Problem details: The answer is the full listing below, copied exactly, with its pictures omitted.

___ Given information

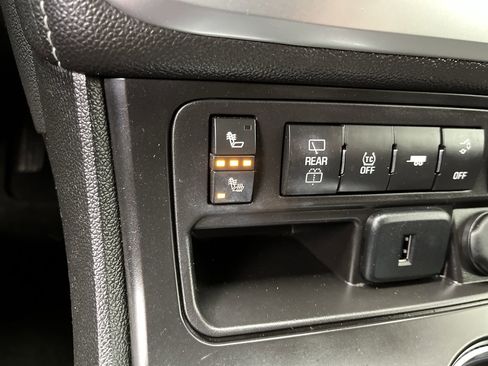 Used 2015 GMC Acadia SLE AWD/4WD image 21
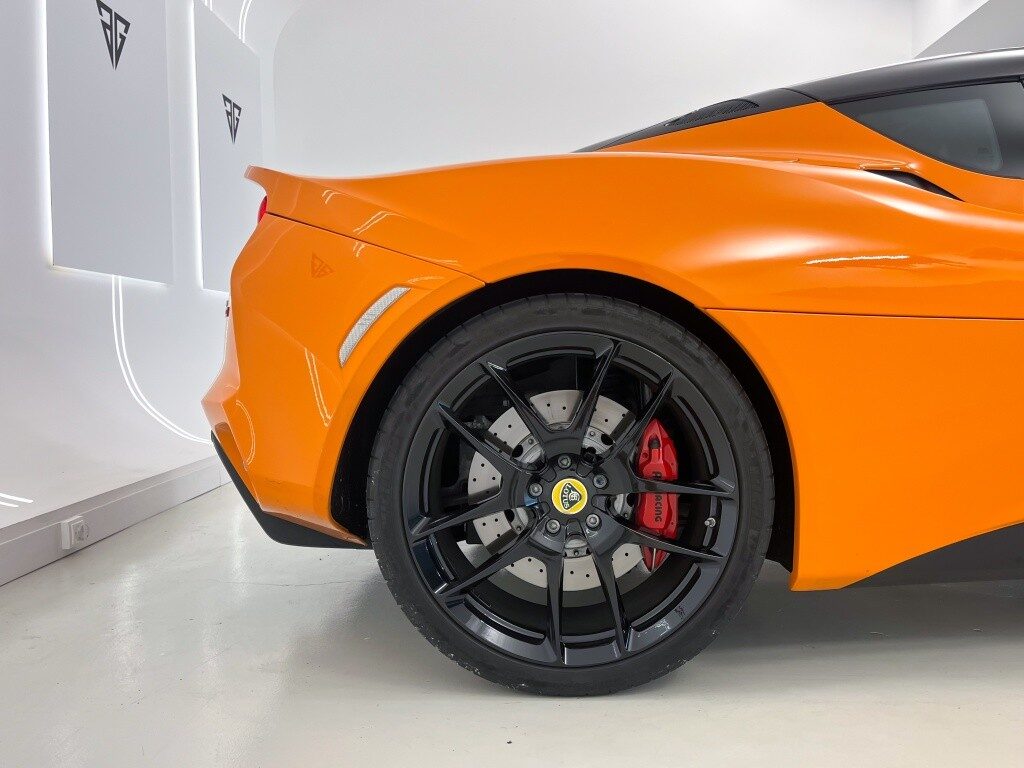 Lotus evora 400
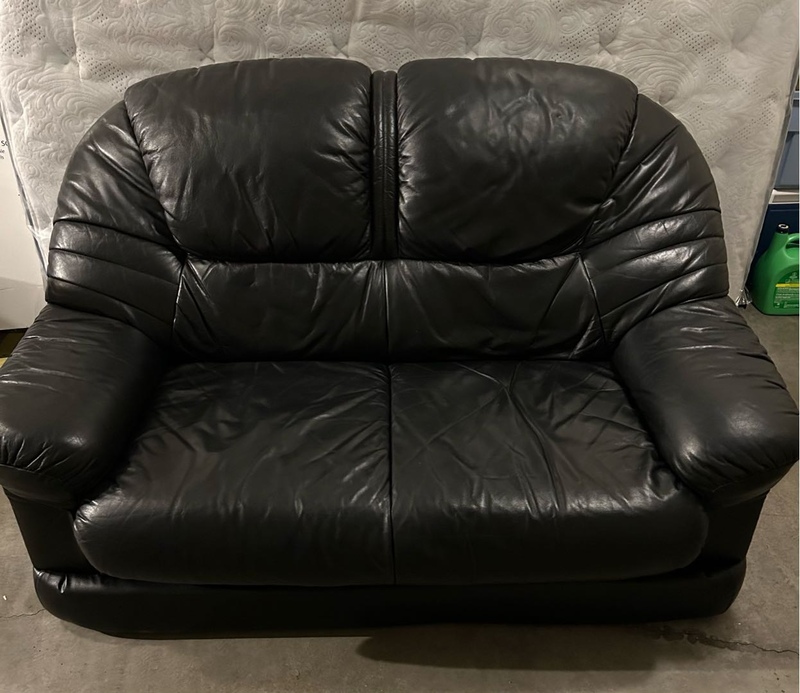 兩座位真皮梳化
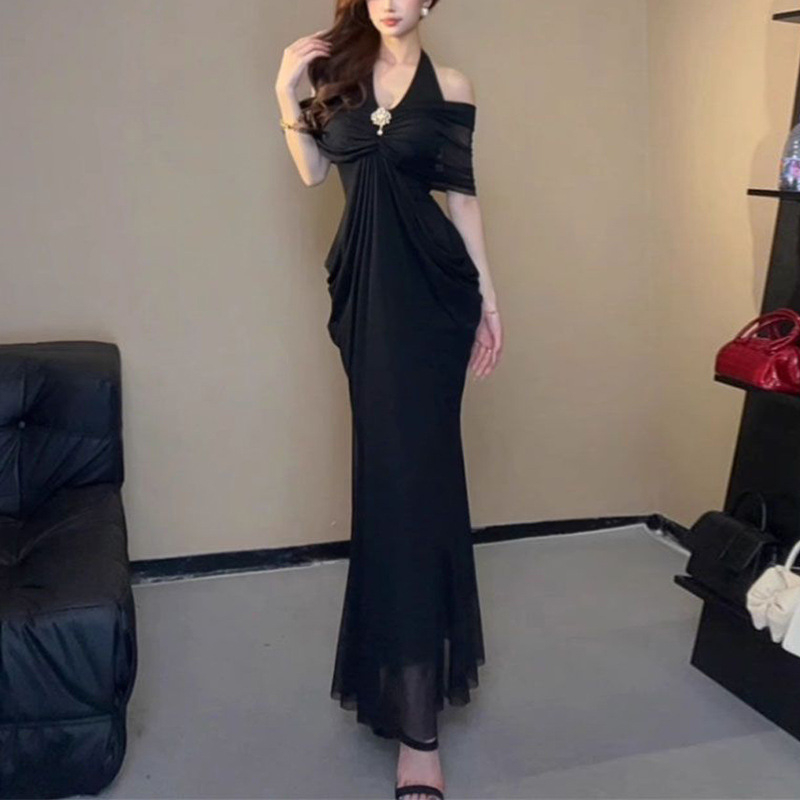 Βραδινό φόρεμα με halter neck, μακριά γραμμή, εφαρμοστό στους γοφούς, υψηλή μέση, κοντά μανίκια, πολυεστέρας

______

Exercise answer:
 Used 2015 GMC Acadia SLE AWD/4WD image 21
 Lotus evora 400
 兩座位真皮梳化
 Βραδινό φόρεμα με halter neck, μακριά γραμμή, εφαρμοστό στους γοφούς, υψηλή μέση, κοντά μανίκια, πολυεστέρας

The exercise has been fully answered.